Effective today, Carlos de Sousa will leave his position as CEO of Ultimovacs ASA. Hans Vassgård Eid is appointed interim CEO of Ultimovacs ASA until completion of the business combination.
The company intends to establish a new share incentive program for the combined company after closing of the transactions, replacing the current respective incentive programs for the two companies. The combined company’s objectives will be as follows: advance world’s first TCR-NK program targeting MAGE-A4, into first-in-human clinical studies treating solid cancers, develop the TCR-NK pipeline, seek to unlock the MultiClick technology potential and wrap up the UV1 program.
Exchange ratio
The business combination is based on an agreed equity valuation of the company of NOK 89.5 million and of Zelluna of NOK 384.8 million, prior to injection of new equity through the private placement. The valuation of Ultimovacs corresponds to a valuation of NOK 2.60 per issued and outstanding share in the company.

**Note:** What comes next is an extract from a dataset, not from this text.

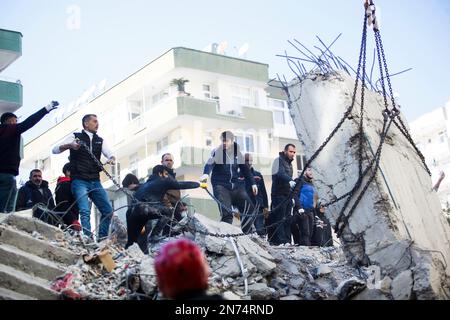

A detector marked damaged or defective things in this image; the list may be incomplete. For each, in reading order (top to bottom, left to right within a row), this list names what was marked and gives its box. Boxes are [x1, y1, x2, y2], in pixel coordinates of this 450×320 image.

As part of the Business Combination, the company will acquire up to 100% of the shares in Zelluna, and the company shall issue a minimum of 147,895,791 and up to 147,991,521 shares to the existing shareholders of Zelluna, subject to fulfilment of the closing conditions for the business combination.
The fully committed Private Placement
The fully committed Private Placement will comprise of the issuance of a minimum of 19,230,769 Offer Shares at a subscription price of NOK 2.60 per Offer Share, raising gross proceeds of approx. NOK 51.7 million.
The Private Placement is strongly supported by existing shareholders with the full amount being secured through irrevocable pre-commitments from Gjelsten Holding AS, the largest shareholder in Ultimovacs, and several of the largest owners of Zelluna, including Geveran, Radforsk, Birk Venture, Ro Invest, Helene Sundt, Norda, MP Pensjon, INVEN2 and an Oxford Consortium comprised of international private investors with strong knowledge within the Healthcare Sector.